I have decided to go with 22-250 or 243. I'm not sure yet which one, and it wont be until next year. I will need to buy reloading supplies for either caliber, but I have around 1300 small rifle primers and about 250 bullets in 22 cal. I have powder for both calibers, but no brass for either. Decisions, decisions, decisions.....


----------



## Scotty D. (Feb 23, 2012)

I made some good $$ when I sold my AR during the big panic -- made enough to buy 3 weapons!!!

So, I bought an .223 Axis Camo. I put an Accutrigger in it.... Tack-driver for less than $375 ( Accutrigger install included)


----------



## LeadHead (Feb 11, 2012)

Scotty, what was involved in installing an Accu-trigger? Supposedly they're not compatible with an Axis, but we all know rules are made to be broken.


----------



## Scotty D. (Feb 23, 2012)

It was basic... I skinned down the protrusions on both sides of the Accutrigger & viola!!! I used a mill, but a grinder or Dremel would work...Took about 5 minutes...
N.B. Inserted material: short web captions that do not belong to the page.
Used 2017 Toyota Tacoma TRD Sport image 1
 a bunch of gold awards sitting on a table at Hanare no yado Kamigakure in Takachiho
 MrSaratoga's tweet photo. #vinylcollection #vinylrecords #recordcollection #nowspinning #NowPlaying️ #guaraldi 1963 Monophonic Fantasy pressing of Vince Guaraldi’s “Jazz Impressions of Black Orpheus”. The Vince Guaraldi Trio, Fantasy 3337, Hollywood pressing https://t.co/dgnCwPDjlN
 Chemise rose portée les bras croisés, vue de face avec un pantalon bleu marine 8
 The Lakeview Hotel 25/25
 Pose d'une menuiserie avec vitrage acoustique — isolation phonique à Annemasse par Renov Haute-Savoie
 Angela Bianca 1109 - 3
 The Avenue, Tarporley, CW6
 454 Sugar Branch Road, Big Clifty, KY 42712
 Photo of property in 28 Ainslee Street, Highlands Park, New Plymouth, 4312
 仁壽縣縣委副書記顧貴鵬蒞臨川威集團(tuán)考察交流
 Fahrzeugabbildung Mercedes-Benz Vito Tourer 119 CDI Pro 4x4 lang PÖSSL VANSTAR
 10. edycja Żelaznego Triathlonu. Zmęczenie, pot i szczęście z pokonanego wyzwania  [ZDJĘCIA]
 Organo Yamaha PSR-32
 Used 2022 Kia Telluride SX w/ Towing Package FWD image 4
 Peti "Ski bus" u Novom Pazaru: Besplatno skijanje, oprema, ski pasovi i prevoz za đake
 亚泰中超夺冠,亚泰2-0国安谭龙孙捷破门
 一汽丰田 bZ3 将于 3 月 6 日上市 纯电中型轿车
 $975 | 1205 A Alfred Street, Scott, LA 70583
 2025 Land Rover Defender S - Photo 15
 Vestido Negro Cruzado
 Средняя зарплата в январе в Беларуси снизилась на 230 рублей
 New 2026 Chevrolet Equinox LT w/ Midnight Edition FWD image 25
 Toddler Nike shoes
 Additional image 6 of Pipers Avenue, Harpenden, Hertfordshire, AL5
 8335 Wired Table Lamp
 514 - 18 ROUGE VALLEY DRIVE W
I also milled .100" off of the back (where the trigger pull adjustment screw is located).. This allows lighter pull settings.. Not necessary for installation, though... Mine is set @ 1lb 14oz... :smile:


----------



## Rediculous (Oct 16, 2013)

The only problem I have with an AR vs a bolt .223 is barrel ability. Alot of people think that all bolt rifles in whatever caliber are much more accurate than thier AR platform counterpart. This is because most AR's that the average joe buys are the "cheaper" models with 1-9 twist barrels that are moly or have low machine tolerances. I have found that a good barreled 1-8 or 1-7 twist AR in 5.56 .223 can be and is as accurate as the best bolt guns out there. Price for these is not bad if you can throw one together at home (really not that difficult) around $700 for w/out optics if you shop around. Reason being bolt guns come in 1-12 1-10 twist barrels for the most part and cannot handle the heavy .223 5.56 loads. I run 70 grain barnes tsx's and they are hammers...kill deer, coyotes, pigs, etc. Ranges may be an issue if you live out west but out at 300 yards the barnes 70g tsx is still rolling 1850 fps and thats about the limit for it's expansion.


----------



## Bigdrowdy1 (Jan 29, 2010)

I love my AR's but I love my bolt guns as well.My AR is 6 1/2 lb without scope. I don't carry them assault 30 round clips as they add weight I prefer the 10 round mags. If I do my part I only need a few to do most shooting.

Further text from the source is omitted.